綴る

篠原紙工の本棚

こんにちは。前回に篠原紙工の新しい期が始まったことを綴ったのですが、今回も引き続き、ここ最近の社内の様子をご紹介。

6月7日は篠原紙工の休日でした。製造業と聞くと365日休むことなく機械を回してナンボと思いますよね。篠原紙工もかつてはもっと機械を動かしていたし、土曜日も仕事をしている時代がありました。今はワークスタイルも変化させて休むことで気持ちをリフレッシュさせることを大事にしています。余談ですが、この休日は社長と社員の間で6月は祝日がないからどこか1日休もうということになったとか。平日に休みだといつも週末に混み合う場所が入りやすかったりしていいですよね。ですが、こういう時こそいつもできないことを社内でやろうということになり、有志でオフィスにある本棚の整理をすることにしました。

オフィススペースには、ずらりと自分たちが制作した本たち佇んでいます。実は奥の倉庫にもたくさんあるのです。冊子もの、折加工の紙ものも合わせたら膨大な数です。それらをぜーんぶ表に出して、みんなで仕分けしました。どんな装丁かという仕様別ではなく、どんな依頼内容が多いかをチェックしていきました。制作の苦労話、とても良い思い出もよみがえって、喜怒哀楽の懐かしみが湧き出る時間でした。机に山積みになった本たちを見て自分たちはこれらを作り続けて生活をしているのだと思うと…。よくやってきたなとも思うし、正直なところ物量にもゾッとしました。これからどれだけ本をつくり続けることができるのだろうか、自分たちはどんな本を作り続けたいか、今後のヒントが散りばめられている風景でした。

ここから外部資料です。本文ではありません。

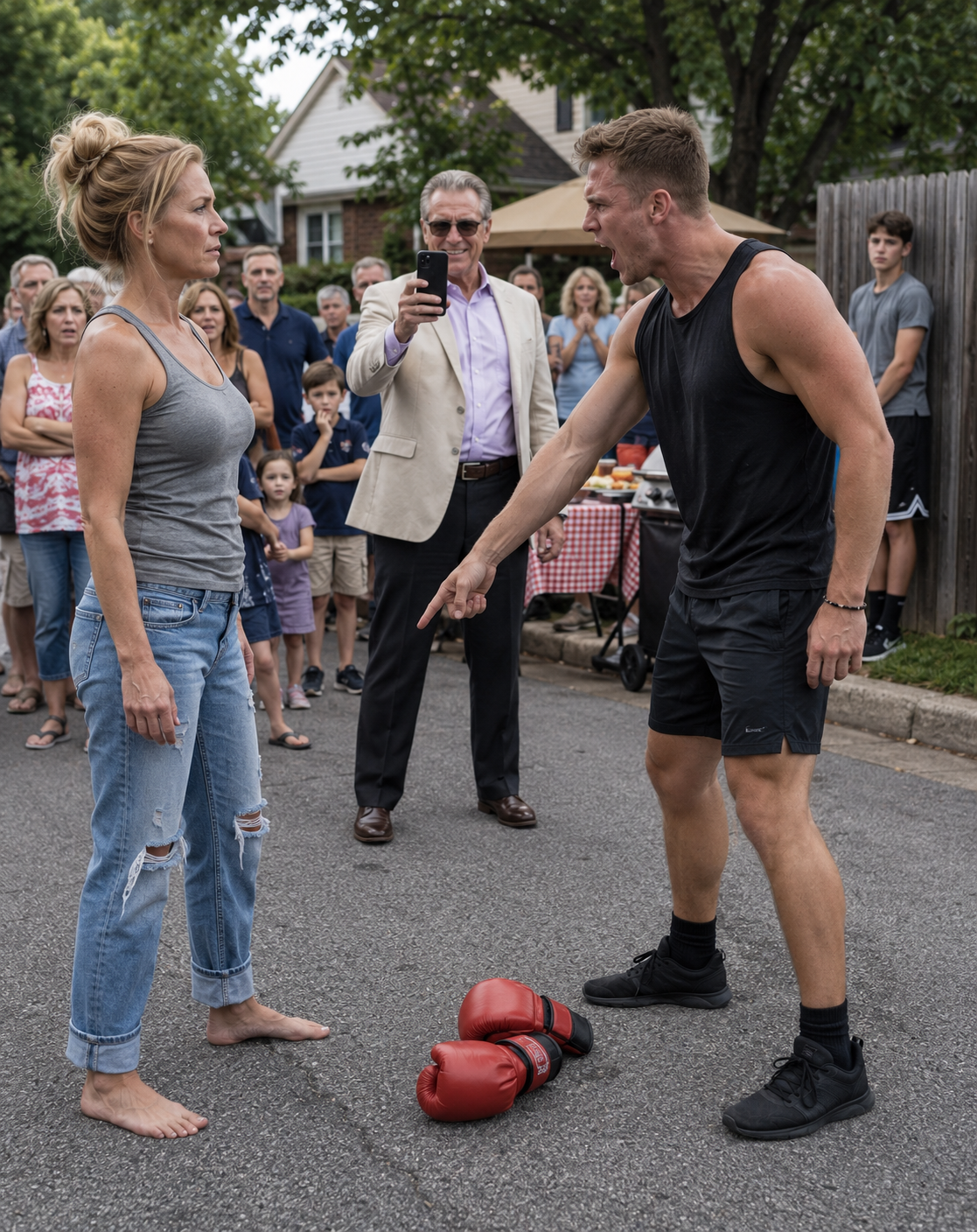 I watched my wealthy neighbor’s twenty-two-year-old son throw his red MMA gloves at my feet and challenge me to fight in front of our entire block. He mocked my fifteen-year-old son,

篠原紙工に依頼される本というのは、いわゆる市場には出てない、本屋には並ばない本の制作依頼がとても多いのです。ブランドブック、個人出版本、非売品の図録、ポートフォリオ、企業の社内向け思想本、様々です。もしかしたら、だからこそ自由度が高く、デザイン的にも目を惹くものが多いのかもしれません。変形のサイズ、おそらく本屋さんでは扱いづらい形もたくさんあります。実際に自分たちのオフィスにある本棚にも収まらなく、その本の魅力も見せられず、どうしようかなと考え中です。

今回の本の整理の中で、感謝を込めてサヨナラをした本や冊子たちもいっぱいいます。かつては頻繁に見本として紹介していたけれど、もう出番が少なくなった、または機械の関係上社内ではもう制作できなくなったなど理由は様々です。数々の依頼の中には篠原紙工が中間位置で、依頼相手の顔が見えないままつくるものもあります。やはりそれらの本は時間の経過と共に記憶から薄くなり思い返しても「誰からの、何の案件だったっけ…」というふうになってしまいがちです。どれも大事な仕事うちの一つですが、今の私たちとしては、もっとダイレクトな仕事がしたいというのが理想。

あるメンバーが「10年後も残しておきたい、そんな本をもっと増やしたいね。」と言っていました。10年後も残しておきたい本というのは、そこにどれだけ自分たちのエネルギーをのせられたか、依頼してくれたお客さまや協力会社の方々とどんな関係性が生まれたか、喜びがあったか、やはりそれらの部分がとても大切なのです。

本棚に改めて整理された本たちの表情は活き活きしていて、次の打ち合わせでアイデアの源として選ばれるの待ち構えているようです。篠原紙工でつくった本は制作して終わり、ではなくオフィスの本棚に並ぶことでまた次の誰かのアイデアのヒントにもなっていると思います。これも小さな循環といえますでしょうか。